Despite the finality of a Final EIA Report, the Limpopo provincial government department, which in this particularly egregious case is also the applicant, publicly demanded that the EAP himself fix the flaws in the assessment on which he had leaned to avoid making a recommendation. For a brief period, Retief and DeltaBEC went along with it – preparing an “Action Plan” as ordered to remedy the deficiencies, but after a particularly hostile exchange with the public during a public meeting held at the Fire & Ice Hotel in Pretoria on the 30th of April 2021, at which accusations of unlawfulness and damning concessions were made, Retief quit. The scandalous tale is recounted in Daily Maverick here, replete with details of a meeting attended by all three ostensibly independent role players – the EAP, project sponsor and authority at which a scrupulously deferential EAP is relentlessly badgered by the intensely frustrated backers of the project for frustrating its progress. A new EAP, Ishmael Semenya of Enviroxcellence, was then appointed, who proceeded to issue a Revised Final EIA Report on the 13th of September 2021 that recommended authorisation. The rest is history.
A call
This may be an extreme example, but it loudly illustrates the problem of an EAP being at the mercy of the developer: the pressure they are under to blind and mute themselves to the dangers of a development, the undue influence developers have over the process, their power to simply get rid of non-compliant EAPs who threaten them – the fatal corruption of the system and why it is failing to protect you and me, and nature from harmful development.
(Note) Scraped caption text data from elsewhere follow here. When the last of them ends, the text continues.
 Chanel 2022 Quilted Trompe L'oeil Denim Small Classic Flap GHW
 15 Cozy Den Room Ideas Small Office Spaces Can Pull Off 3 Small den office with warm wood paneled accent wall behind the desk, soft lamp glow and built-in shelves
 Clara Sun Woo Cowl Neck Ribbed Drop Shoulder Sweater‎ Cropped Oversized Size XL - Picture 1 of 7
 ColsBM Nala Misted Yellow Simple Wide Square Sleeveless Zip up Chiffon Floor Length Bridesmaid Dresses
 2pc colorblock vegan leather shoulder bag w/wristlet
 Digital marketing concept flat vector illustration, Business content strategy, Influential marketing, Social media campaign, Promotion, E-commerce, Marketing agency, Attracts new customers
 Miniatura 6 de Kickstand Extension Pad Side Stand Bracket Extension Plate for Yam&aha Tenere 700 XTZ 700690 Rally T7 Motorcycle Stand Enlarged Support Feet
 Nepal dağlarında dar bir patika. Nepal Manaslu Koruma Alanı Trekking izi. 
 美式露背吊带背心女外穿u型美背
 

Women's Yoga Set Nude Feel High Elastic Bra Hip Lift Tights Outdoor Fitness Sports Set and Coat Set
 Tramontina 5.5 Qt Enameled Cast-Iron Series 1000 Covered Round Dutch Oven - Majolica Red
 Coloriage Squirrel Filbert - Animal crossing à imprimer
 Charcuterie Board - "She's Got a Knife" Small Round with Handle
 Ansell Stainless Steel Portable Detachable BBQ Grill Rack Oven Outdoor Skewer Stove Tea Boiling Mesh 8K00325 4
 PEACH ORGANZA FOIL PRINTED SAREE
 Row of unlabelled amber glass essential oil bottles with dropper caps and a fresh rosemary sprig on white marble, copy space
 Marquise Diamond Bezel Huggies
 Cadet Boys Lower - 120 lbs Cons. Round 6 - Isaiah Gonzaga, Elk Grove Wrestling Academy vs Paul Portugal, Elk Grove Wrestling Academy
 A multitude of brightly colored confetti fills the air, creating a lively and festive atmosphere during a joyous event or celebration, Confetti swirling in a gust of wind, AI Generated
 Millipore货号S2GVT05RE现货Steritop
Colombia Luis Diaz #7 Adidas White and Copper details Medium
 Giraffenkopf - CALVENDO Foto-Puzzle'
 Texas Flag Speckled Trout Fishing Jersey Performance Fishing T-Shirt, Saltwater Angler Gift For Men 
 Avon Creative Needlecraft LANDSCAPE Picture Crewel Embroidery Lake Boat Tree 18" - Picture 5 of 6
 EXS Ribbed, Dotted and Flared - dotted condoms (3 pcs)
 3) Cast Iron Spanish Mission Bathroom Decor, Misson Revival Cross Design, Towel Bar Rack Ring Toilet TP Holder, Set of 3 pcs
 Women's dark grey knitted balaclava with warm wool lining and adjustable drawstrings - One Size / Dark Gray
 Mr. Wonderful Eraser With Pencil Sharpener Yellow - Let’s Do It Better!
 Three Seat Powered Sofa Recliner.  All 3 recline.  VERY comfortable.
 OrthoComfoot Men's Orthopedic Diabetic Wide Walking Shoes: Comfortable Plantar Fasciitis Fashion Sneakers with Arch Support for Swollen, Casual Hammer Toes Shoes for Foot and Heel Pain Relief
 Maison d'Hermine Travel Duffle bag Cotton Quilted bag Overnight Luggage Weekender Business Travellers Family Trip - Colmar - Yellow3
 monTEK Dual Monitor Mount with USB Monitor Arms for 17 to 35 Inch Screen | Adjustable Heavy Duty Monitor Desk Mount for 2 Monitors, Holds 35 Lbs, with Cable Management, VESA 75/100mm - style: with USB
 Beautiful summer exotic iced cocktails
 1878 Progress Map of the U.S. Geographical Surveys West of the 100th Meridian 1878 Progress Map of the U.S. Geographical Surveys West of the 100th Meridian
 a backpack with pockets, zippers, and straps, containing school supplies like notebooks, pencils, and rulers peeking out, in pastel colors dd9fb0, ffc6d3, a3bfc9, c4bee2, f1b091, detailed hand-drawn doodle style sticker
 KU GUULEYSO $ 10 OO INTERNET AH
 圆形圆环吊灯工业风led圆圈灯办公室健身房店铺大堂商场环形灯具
The MMSEZ Environmental Authorisation is now the subject of no less than three High Court judicial review applications contesting the lawfulness of the decision to authorise it. Both EAPs will doubtless find themselves squirming on the witness stand later this year. One of them will be able to hold his head higher than the other, but in reality, they are both victims of the law. It is urgent that we commission a review of the EIA Regulations, to remedy the fatal flaw that is regulation 12(1) – to re-write the single line that is destroying nature and the natural systems that sustain us and institute measures the improve the integrity of this vital gatekeeper.
12. Appointment of EAPs and specialists
(1) A proponent or applicant must appoint an EAP at own cost to manage the application.